Piece.Of.Peace.16 said:


> Ky Kiske all the way.



Everyone mains him. He's to mainstream


----------



## Aruarian (Feb 20, 2008)

*too. And still the conformist, eh. Ky and Sol are mained so much because they're well-rounded characters that are also the flagship for the series.


----------



## saruichi (Feb 20, 2008)

Anthony J. Crowley said:


> *too. And still the conformist, eh. Ky and Sol are mained so much because they're well-rounded characters that are also the flagship for the series.

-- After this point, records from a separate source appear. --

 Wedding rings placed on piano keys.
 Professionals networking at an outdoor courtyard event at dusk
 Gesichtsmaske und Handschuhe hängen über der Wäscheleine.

I played as sol when I was trying to learn the mechanics of the game. ^^;; Ky never impressed me. Maybe they're the GG equivalant of Ryu and Ken lol

And thanks to the poster who cleared up roman cancels for me!  Darn engrish.


----------



## Ryoshi (Feb 20, 2008)

saruichi said:


> I played as sol when I was trying to learn the mechanics of the game. ^^;; Ky never impressed me. *Maybe they're the GG equivalant of Ryu and Ken lol*
> 
> And thanks to the poster who cleared up roman cancels for me!  Darn engrish.



NO! :amazed


----------



## saruichi (Feb 20, 2008)

Ryoshi: I stand corrected.  Sol and Ky are not equal to Ryu and Ken.


----------



## Ryoshi (Feb 20, 2008)

But then what about Kyo and Iori!?


----------



## Ryoshi (Feb 21, 2008)

I beat I-no normal.

I beat EX Potemkin normal (Survival)

I beat Potemkin normal with a perfect (Survival)

All with Chipp.

And I've made a pretty good formula on beating Potemkin with Chipp.

I got to EX Eddie (Survival) I was really close to beating him.


...............Now I just gotta do it all on...................MANIAC! *Light source under my face* lol


----------



## Final Ultima (Feb 21, 2008)

Best of luck to you. I tend to get somewhere in the 600s in Survival Mode. I imagine Potemkin players can get much further though, considering the A.I. makes no attempt to defend against Slide Head.


----------



## Ryoshi (Feb 21, 2008)

Final Ultima said:


> Best of luck to you. I tend to get *somewhere in the 600s* in Survival Mode. I imagine Potemkin players can get much further though, considering the A.I. makes no attempt to defend against Slide Head.





In what level of difficulty?


----------



## crabman (Feb 21, 2008)

Ryoshi said:


> I beat EX Potemkin normal (Survival)
> 
> I beat Potemkin normal with a perfect (Survival)



Ugh... I hate Potemkin and that silly combo he's got where it's like 2HS might be 2S the one where he back hands than that air grab. DOES SOOOOOO MUCH DAMAGE!!! The fact that Baiken is so light and bounces all over the place when he slaps her around doesn't help either...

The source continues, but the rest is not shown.